By the way, the title of this post is a Scottish proverb for “What’s meant to happen will happen.

Guid cheerio the nou!

Traditional Scottish Shortbread

Ingredients

3/4 lb. unsalted butter

1 c. white sugar

1 t. vanilla

3-1/2 c. all-purpose flour

1/4 t. salt

Process

Preheat the oven to 350 degrees.

In the bowl of an electric mixer fitted with a paddle attachment, mix together the butter and sugar until they are just combined. Add the vanilla. Sift together the flour and salt, then add them to the butter and sugar mixture. Mix on low speed until the dough starts to come together. Dump onto a surface dusted with flour and shape into a flat disk. Wrap in plastic and chill for 30 minutes.

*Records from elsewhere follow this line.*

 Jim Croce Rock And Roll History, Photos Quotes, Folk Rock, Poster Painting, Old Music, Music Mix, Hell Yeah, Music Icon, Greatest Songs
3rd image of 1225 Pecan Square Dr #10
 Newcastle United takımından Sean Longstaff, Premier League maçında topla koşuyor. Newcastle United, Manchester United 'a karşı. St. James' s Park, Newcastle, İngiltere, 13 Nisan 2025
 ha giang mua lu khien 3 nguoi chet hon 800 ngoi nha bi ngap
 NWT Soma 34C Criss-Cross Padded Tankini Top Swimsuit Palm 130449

Roll the dough 1/2 in thick and cut into the desired shape. Place the cookies on an ungreased baking sheet and sprinkle with sugar. Bake for 20 to 25 minutes, until the edges begin to brown. Cool on a rack.

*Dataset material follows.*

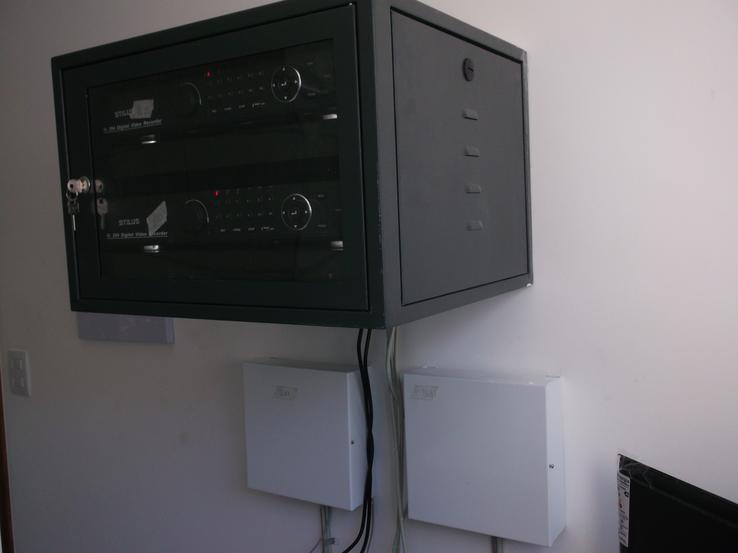 Rack CFTV com 2 dvrs de 32 câmeras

Nana’s Notes: This, unfortunately, is one of those recipes that really requires (or at least works MUCH better) with a large Kitchen Aid mixer. The dough simply doesn’t come together otherwise. Don’t let your dough chill more than 30 minutes because it becomes practically unworkable. Addie and I rolled the dough out into a rectangle, and then cut the cookies into squares. However, you could certainly use cookie cutters. One recipe I saw called for pressing the dough into a cake pan, cutting the dough like you would a scone into triangles, and then baking. After the cookies are baked, you would then have to again cut the cookies on the indent. Lots of options. By the way, if you don’t have a big mixer, give it a try with a smaller mixer. The dough likely won’t come together, but you could still press it into a cookie sheet. They won’t be quite as pretty, but hey, how can you go wrong when your recipe is butter and sugar and vanilla?

 

 

 

 

6 thoughts on “Whit’s Fur Ye’ll No Go By Ye

  1. What do you mean a synthetic lining? I have always been curious about haggis. I wonder how many people at the school will try it after they know the ingredients?

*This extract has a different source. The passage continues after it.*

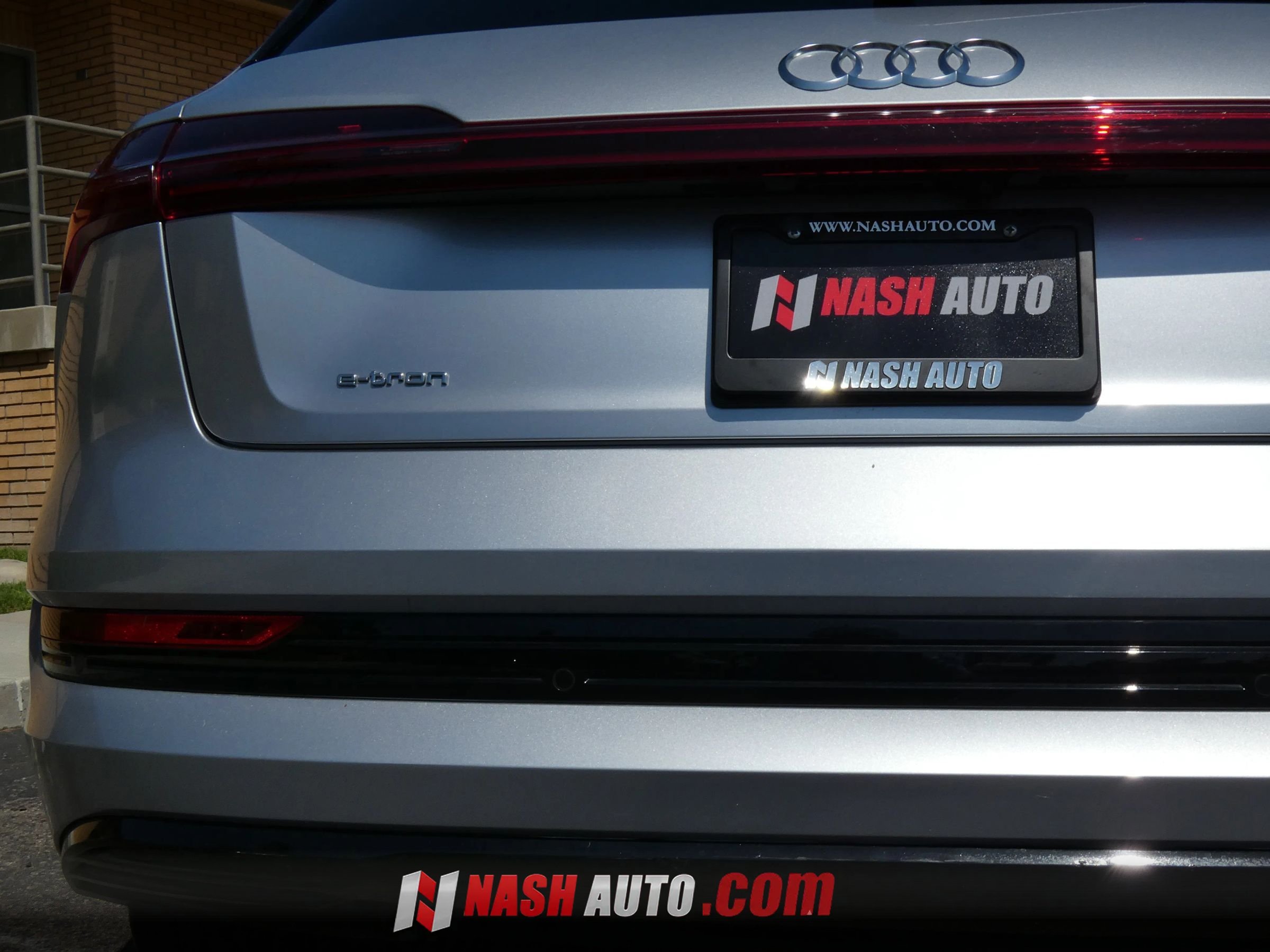 Used 2021 Audi e-tron Premium Plus AWD/4WD image 11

    • The lining can be made out of cellulose or even plastic. Cellulose would probably be edible; plastic wouldn’t. Doesn’t matter for a haggis because you cut it open and eat it without the lining. I think many will give it a taste. I am certain my grandkids all will. They ate bugs last summer on their vacation!

  2. I predict the entire haggis will be left untouched except for David. Do any of the McLain kids eat it?